• [What is being asked] Begin at the line with "Fototapeta premium Pictures" and set down each line exactly until the listing ends. Images stay out.

• [Material provided]
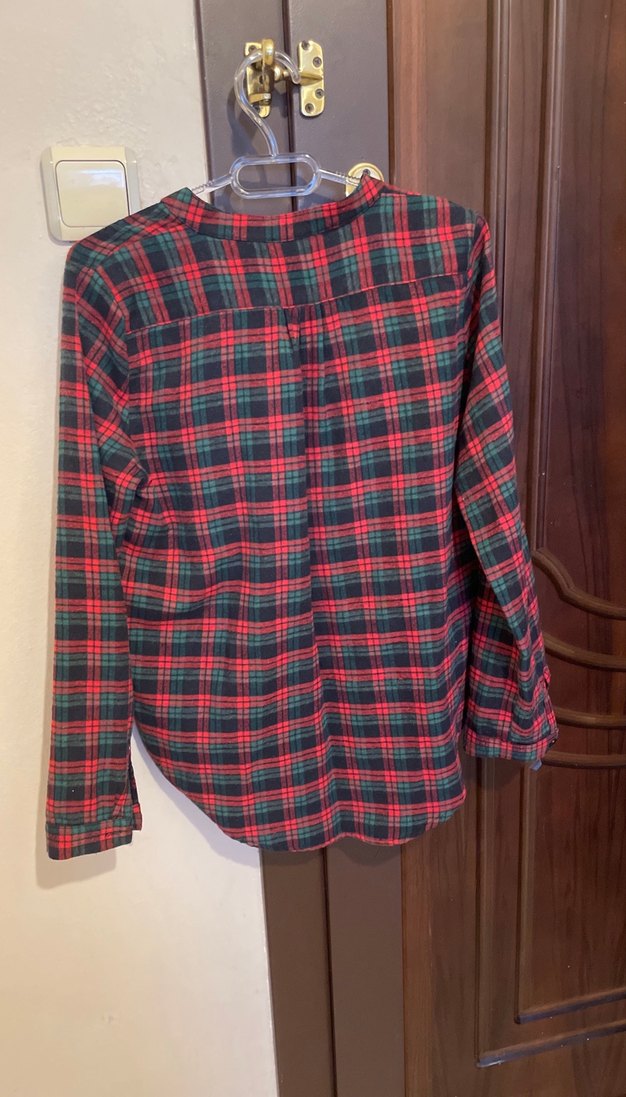 Kadın Kırmızı Kareli Uzun Kollu Gömlek - Görsel 2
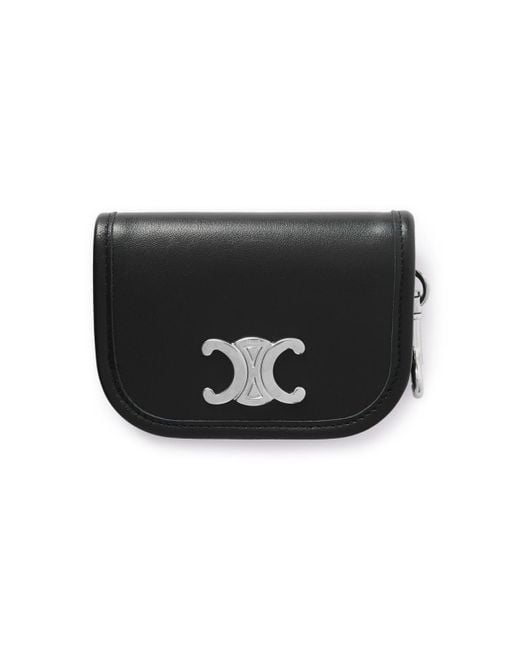 Céline Black Nano Logo-Embellished Leather And-Tone Keyring Wallet for men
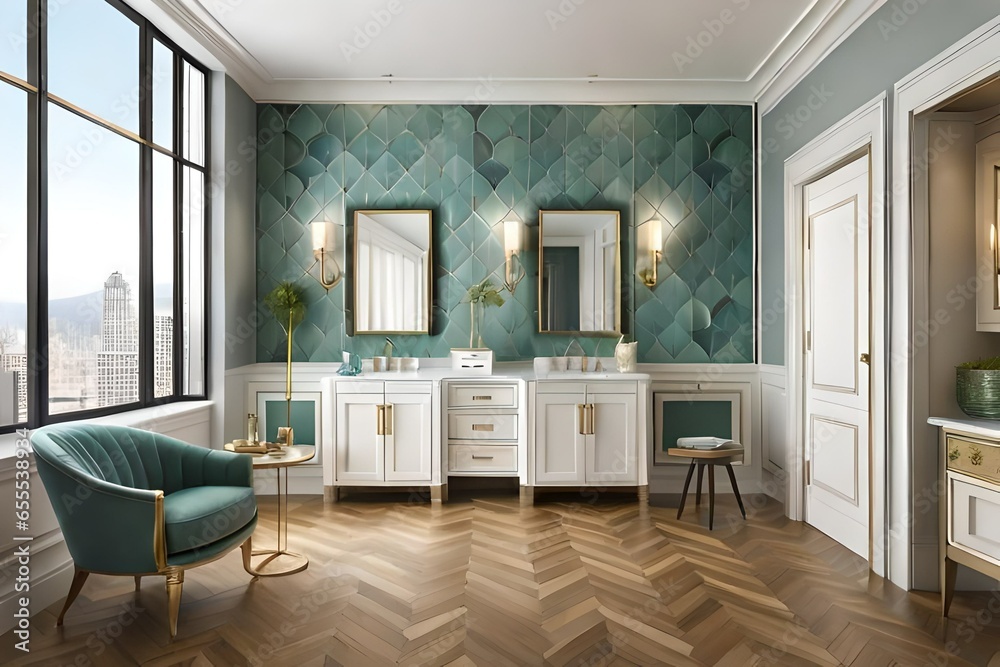 Fototapeta premium Pictures of a bathroom featuring traditional design elements, including walls covered in ceramic tiles, and featuring opulent gold-plated accessories that add a touch of luxury.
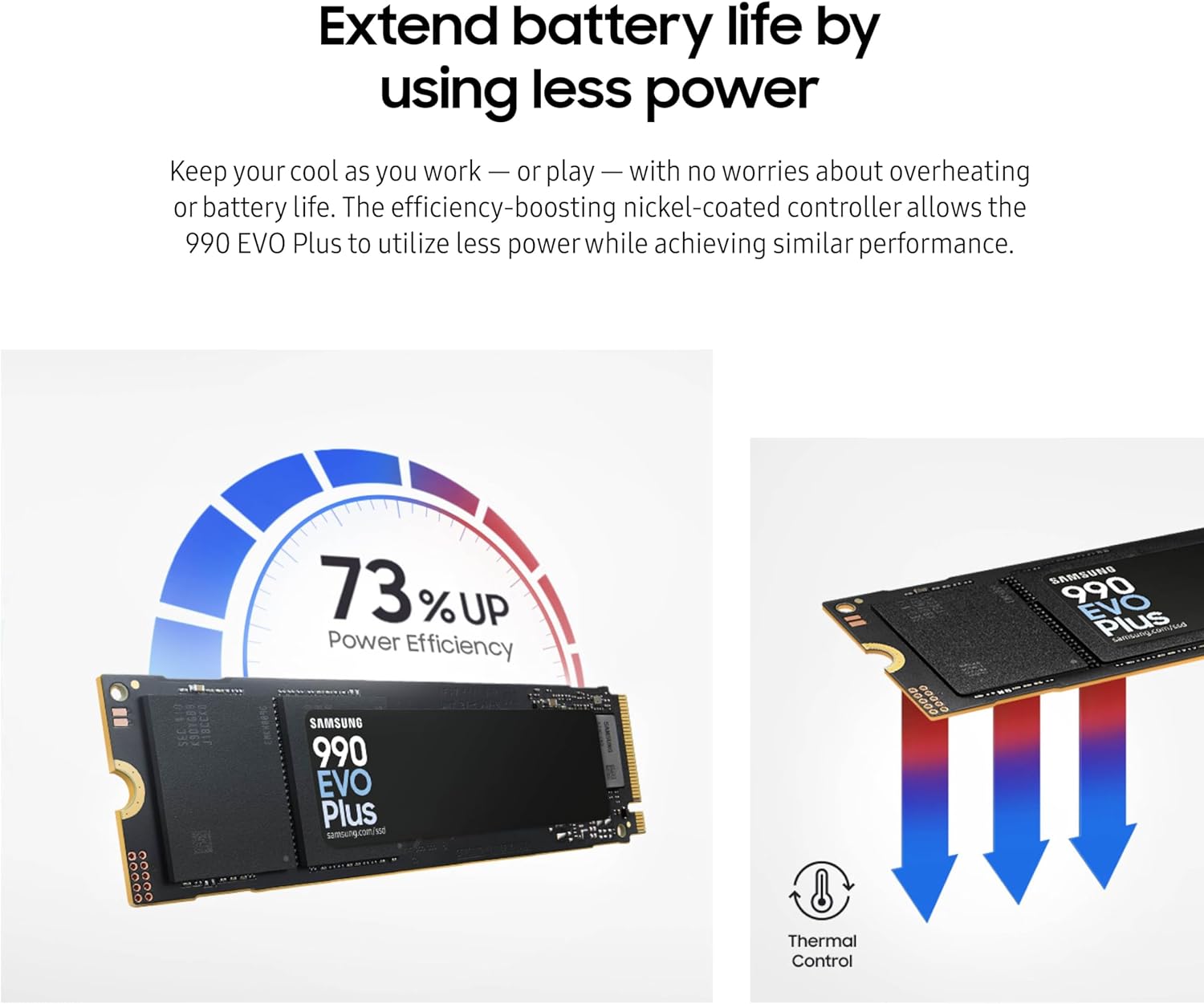 Samsung 990 EVO Plus SSD 1TB, PCIe Gen 4x4, Gen 5x2 M.2 2280, Speeds Up-to 7,150 MB/s, Upgrade Storage for PC/Laptops, HMB Technology and Intelligent Turbowrite 2.0, (MZ-V9S1T0B/AM)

• [Result for this task]
 Fototapeta premium Pictures of a bathroom featuring traditional design elements, including walls covered in ceramic tiles, and featuring opulent gold-plated accessories that add a touch of luxury.
 Samsung 990 EVO Plus SSD 1TB, PCIe Gen 4x4, Gen 5x2 M.2 2280, Speeds Up-to 7,150 MB/s, Upgrade Storage for PC/Laptops, HMB Technology and Intelligent Turbowrite 2.0, (MZ-V9S1T0B/AM)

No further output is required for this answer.